Prediction, Learning, Uniform Convergence, and Scale-sensitive Dimensions
This work addresses foundational theoretical challenges in machine learning by providing new insights into learnability and uniform convergence, with implications for algorithm design and analysis.
The paper tackles the problem of learning classes of [0,1]-valued functions in a prediction model, presenting a new algorithm with upper bounds on expected absolute error in terms of scale-sensitive dimensions, and applies this to derive improved bounds on sample complexity for agnostic learning.

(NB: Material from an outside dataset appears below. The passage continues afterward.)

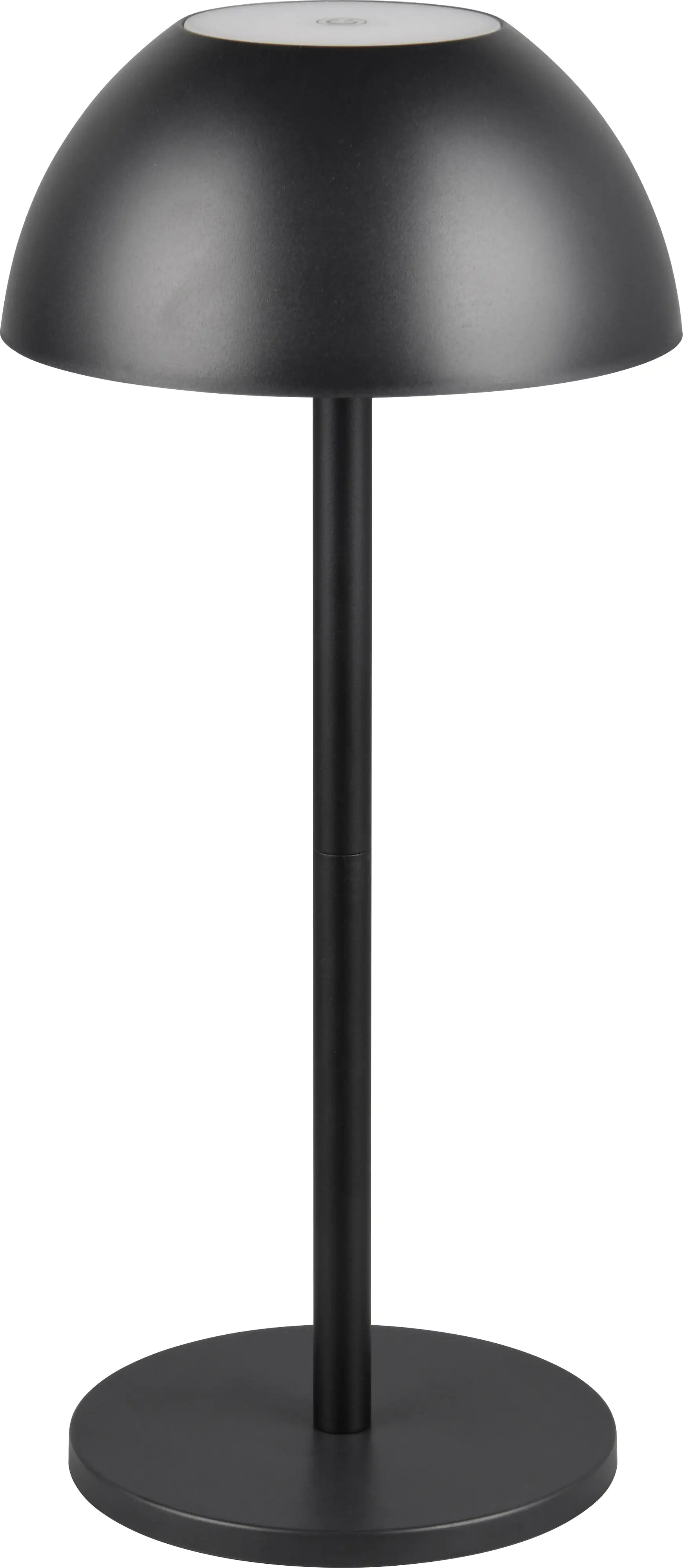 Reality Leuchten LED Akku-Tischleuchte Ricardo schwarz 30 cm warmweiß Reality Leuchten LED Akku-Tischleuchte Ricardo schwarz 30 cm warmweiß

We present a new general-purpose algorithm for learning classes of $[0,1]$-valued functions in a generalization of the prediction model, and prove a general upper bound on the expected absolute error of this algorithm in terms of a scale-sensitive generalization of the Vapnik dimension proposed by Alon, Ben-David, Cesa-Bianchi and Haussler. We give lower bounds implying that our upper bounds cannot be improved by more than a constant factor in general. We apply this result, together with techniques due to Haussler and to Benedek and Itai, to obtain new upper bounds on packing numbers in terms of this scale-sensitive notion of dimension. Using a different technique, we obtain new bounds on packing numbers in terms of Kearns and Schapire's fat-shattering function. We show how to apply both packing bounds to obtain improved general bounds on the sample complexity of agnostic learning. For each $ε> 0$, we establish weaker sufficient and stronger necessary conditions for a class of $[0,1]$-valued functions to be agnostically learnable to within $ε$, and to be an $ε$-uniform Glivenko-Cantelli class. This is a manuscript that was accepted by JCSS, together with a correction.